_Work instructions:_ Every record below is to be restated verbatim, though its images are not.

>>>

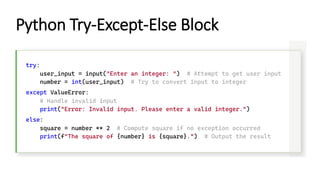 Python Try-Except-Else Block
try:
user_input = input("Enter an integer: ") # Attempt to get user input
number = int(user_input) # Try to convert input to integer
except ValueError:
# Handle invalid input
print("Error: Invalid input. Please enter a valid integer.")
else:
square = number ** 2 # Compute square if no exception occurred
print(f"The square of {number} is {square}.") # Output the result
 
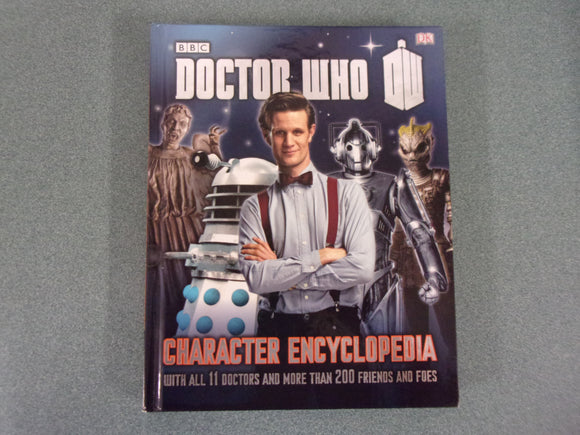 Doctor Who: Chararcter Encyclopedia. A DK BBC Book (Hardcover)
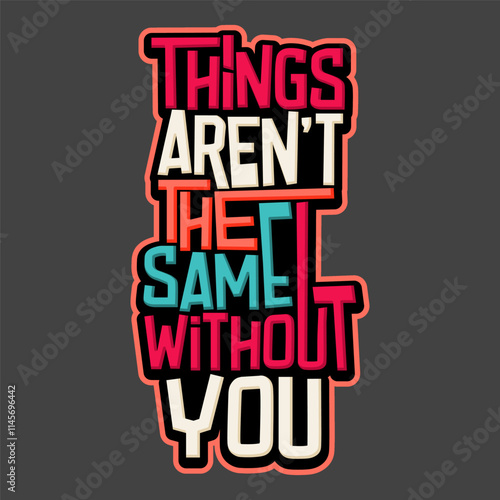 Things aren't the same without you typography art
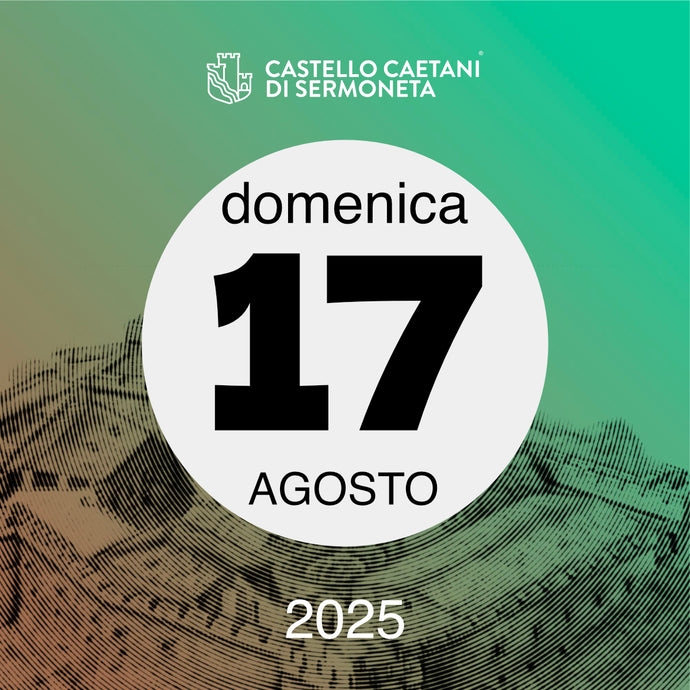 Domenica 17 Agosto 2025 - Castello Caetani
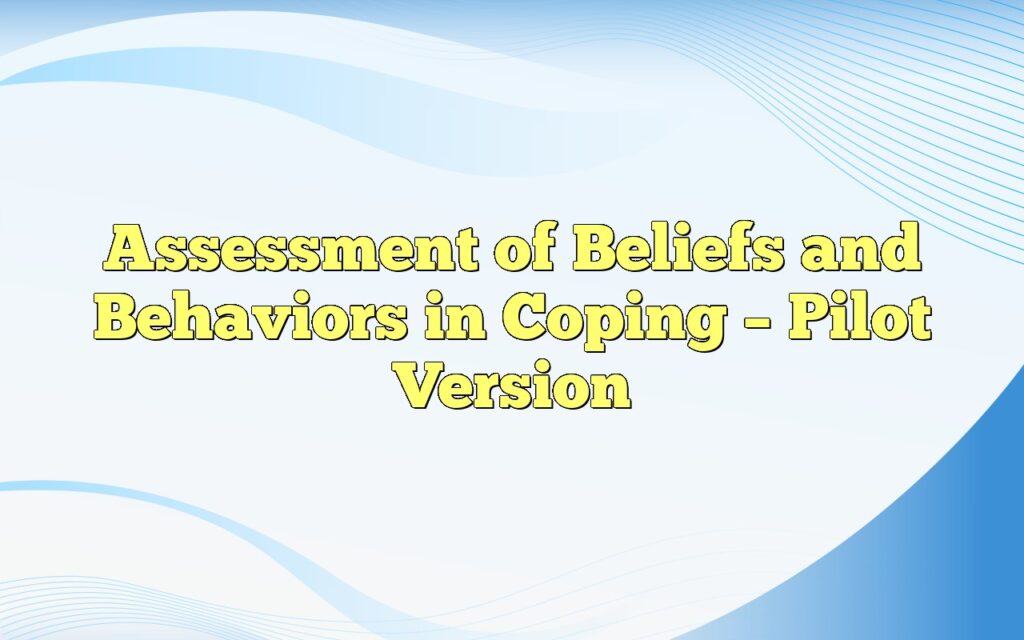 assessment of beliefs and behaviors in coping pilot version1
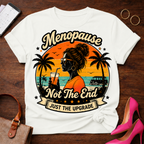 T-Shirt — "Menopause Not The End. Just An Upgrade" Vintage Quote Tee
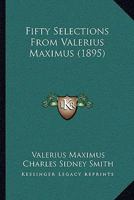 Fifty Selections From Valerius Maximus 1166423484 Book Cover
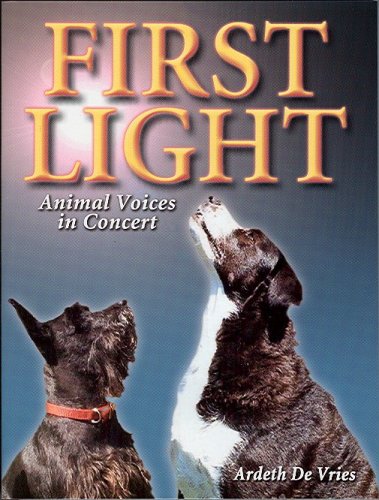 Stock image for First Light: Animal Voices in Concert for sale by ThriftBooks-Atlanta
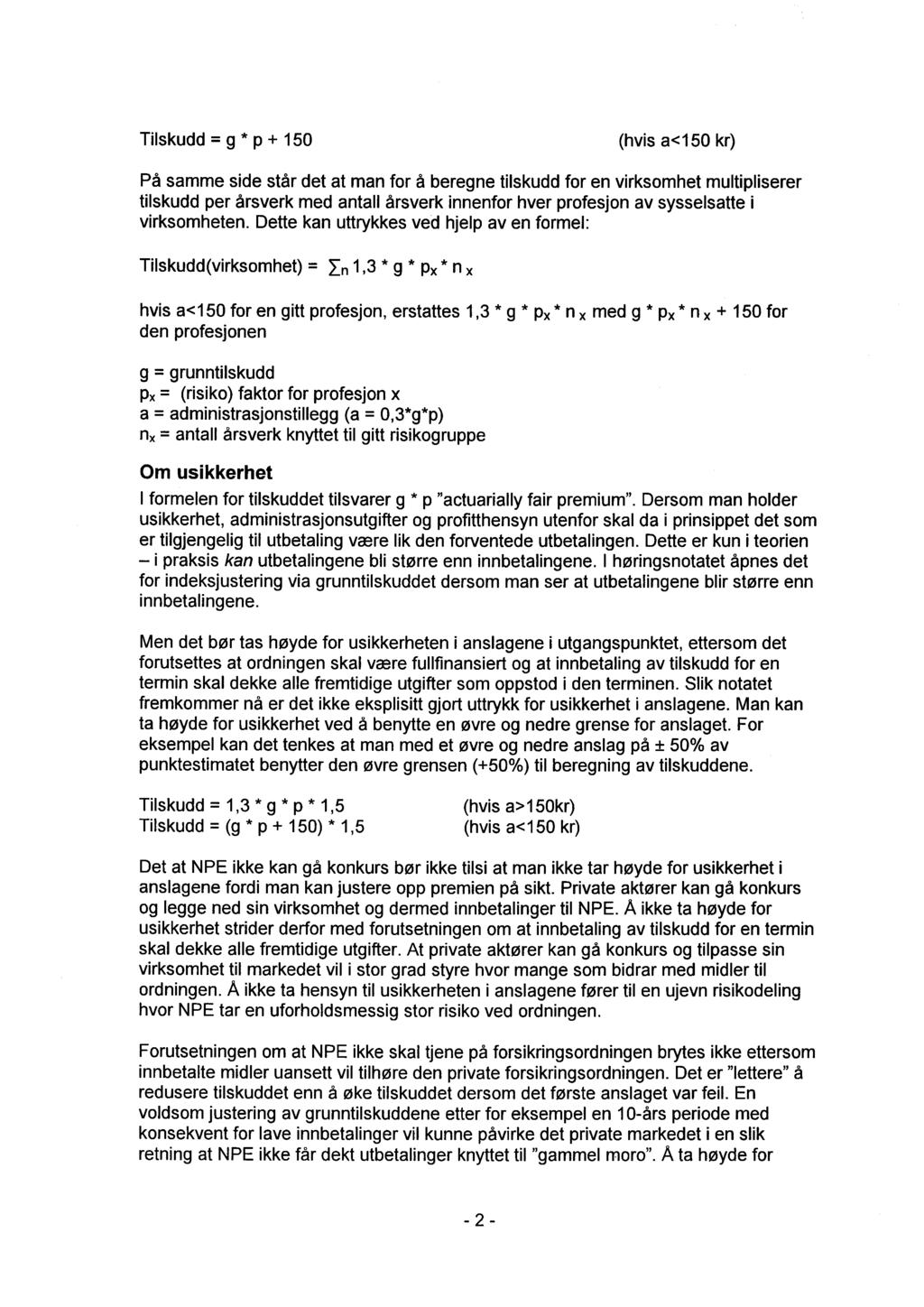 Tilskudd = g * p + 150 (hvis a<150 kr) På samme side står det at man for å beregne tilskudd for en virksomhet multipliserer tilskudd per årsverk med antall årsverk innenfor hver profesjon av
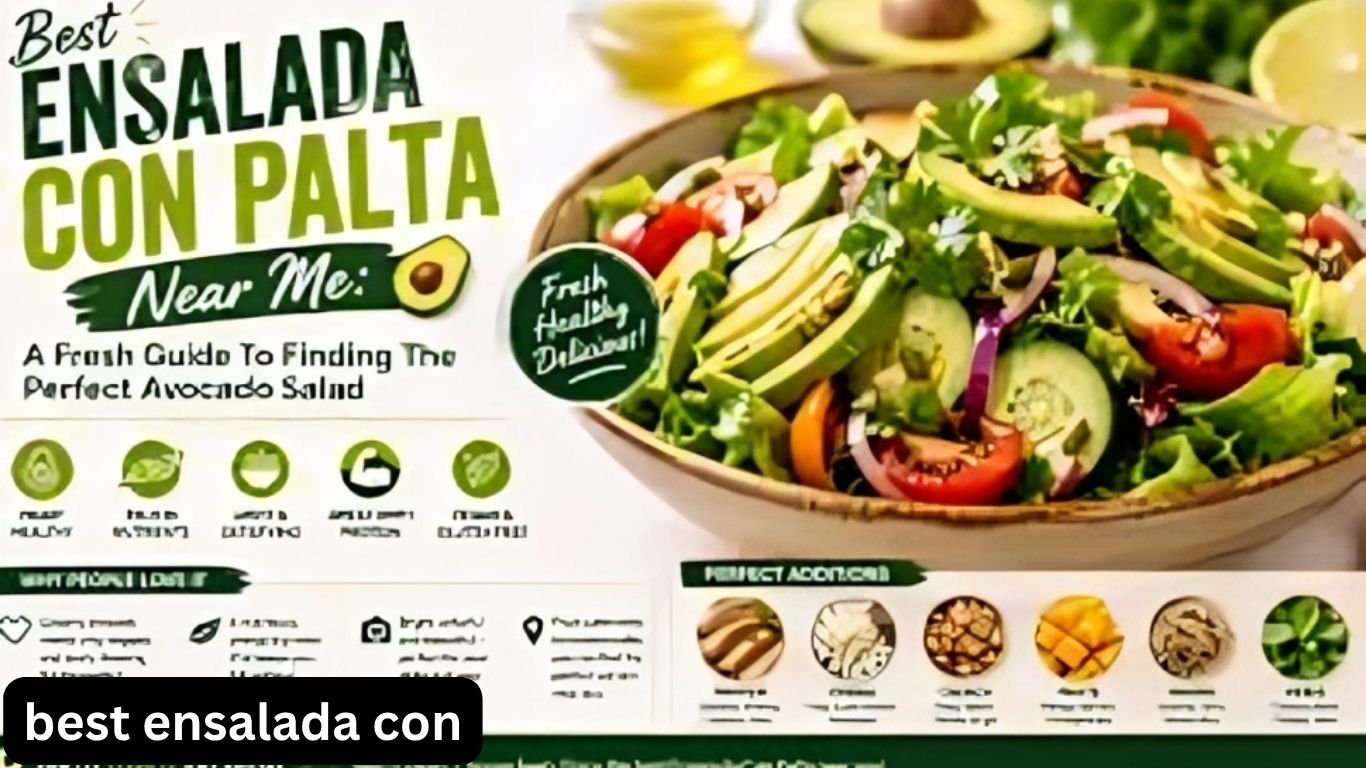 Best Ensalada con Palta Near Me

<<<

_Exercise output:_
 Python Try-Except-Else Block
try:
user_input = input("Enter an integer: ") # Attempt to get user input
number = int(user_input) # Try to convert input to integer
except ValueError:
# Handle invalid input
print("Error: Invalid input. Please enter a valid integer.")
else:
square = number ** 2 # Compute square if no exception occurred
print(f"The square of {number} is {square}.") # Output the result
 
 Doctor Who: Chararcter Encyclopedia. A DK BBC Book (Hardcover)
 Things aren't the same without you typography art
 Domenica 17 Agosto 2025 - Castello Caetani
 assessment of beliefs and behaviors in coping pilot version1
 T-Shirt — "Menopause Not The End. Just An Upgrade" Vintage Quote Tee
 Fifty Selections From Valerius Maximus 1166423484 Book Cover
 Stock image for First Light: Animal Voices in Concert for sale by ThriftBooks-Atlanta
 Tilskudd = g * p + 150 (hvis a<150 kr) På samme side står det at man for å beregne tilskudd for en virksomhet multipliserer tilskudd per årsverk med antall årsverk innenfor hver profesjon av
 Best Ensalada con Palta Near Me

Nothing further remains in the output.